1) Define a binary outcome of your choosing

For the purpose of the assignment the usage of variable ADWRSATP will be used to measure a previous suicide attempt in the sample. That is with 0= not having attempted suicide, and 1= having made a suicide attempt.
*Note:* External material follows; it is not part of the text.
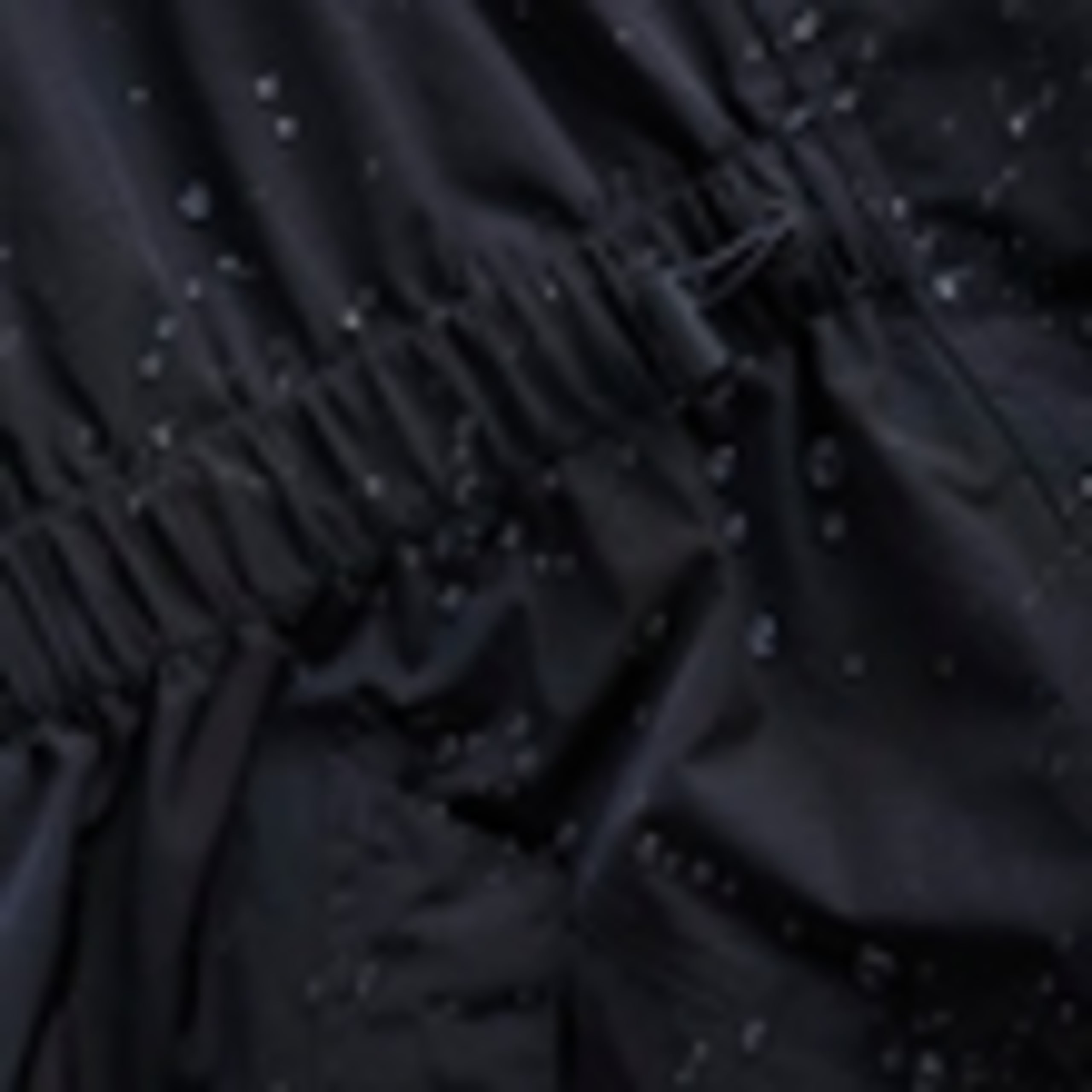 Hooded Longline Raincoat 5 of 5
The variable itself follows several question items beginning with if a person contemplated, then planned, and in turn have also made a suicide attempt. The data selected includes those who attempted suicide, while also having a depressive episode in the last year.

2)Fit a predictive logistic regression model using as many predictor variables as you think you need

## attempted suicide
NSDUH_2019$attempt_suicide<-Recode(NSDUH_2019$adwrsatp, recodes="1=1; 2=0;else=NA", as.factor=T)
summary(NSDUH_2019$attempt_suicide, na.rm = TRUE)

##     0     1  NA's 
##  2650   887 52599

## marital status
NSDUH_2019$marst<-Recode(NSDUH_2019$irmarit, recodes="1='married'; 2='divorced'; 3='widowed'; 4='separated'; else=NA", as.factor=T)
NSDUH_2019$marst<-relevel(NSDUH_2019$marst, ref='married')

## education recodes
NSDUH_2019$educ<-Recode(NSDUH_2019$ireduhighst2, recodes="1:7='LssThnHgh'; 8='highschool'; 9='someCollege'; 10='associates'; 11='colgrad';else=NA", as.factor=T)
NSDUH_2019$educ<-relevel(NSDUH_2019$educ, ref='colgrad')

## sexuality recodes
NSDUH_2019$sexuality<-Recode(NSDUH_2019$sexident, recodes="1='Heterosexual'; 2='Les/Gay'; 3='Bisexual';else=NA", as.factor=T)
NSDUH_2019$sexuality<-relevel(NSDUH_2019$sexuality, ref='Heterosexual')

## gender recodes
NSDUH_2019$male<-as.factor(ifelse(NSDUH_2019$irsex==1, "Male", "Female"))

## Race recoded items
NSDUH_2019$black<-Recode(NSDUH_2019$newrace2, recodes="2=1; 9=NA; else=0")
NSDUH_2019$white<-Recode(NSDUH_2019$newrace2, recodes="1=1; 9=NA; else=0")
NSDUH_2019$other<-Recode(NSDUH_2019$newrace2, recodes="3:4=1; 9=NA; else=0")
NSDUH_2019$mult_race<-Recode(NSDUH_2019$newrace2, recodes="6=1; 9=NA; else=0")
NSDUH_2019$asian<-Recode(NSDUH_2019$newrace2, recodes="5=1; 9=NA; else=0")
NSDUH_2019$hispanic<-Recode(NSDUH_2019$newrace2, recodes="7=1; 9=NA; else=0")
NSDUH_2019$race_eth<-Recode(NSDUH_2019$newrace2,
                          recodes="1='white'; 2='black'; 3='other'; 4='asian'; 5='mult_race'; 6='hispanic'; else=NA",
                          as.factor = T)
NSDUH_2019$lst_alc_use2<-Recode(NSDUH_2019$iralcrc, recodes="1='last 30days'; 2='12>1month'; 3='>12months'; else=NA", as.factor=T)
NSDUH_2019$dep_year2<-Recode(NSDUH_2019$amdeyr, recodes="1=1; 2=0;else=NA")
NSDUH_2019$age_cat<-Recode(NSDUH_2019$age2, recodes="7:8='18-19'; 9:10='20-21'; 11='22-23'; 12='24-25'; 13='26-29'; 14='30-34'; 15='35-49'; 16='50-64'; 17='65+'; else=NA", as.factor=T)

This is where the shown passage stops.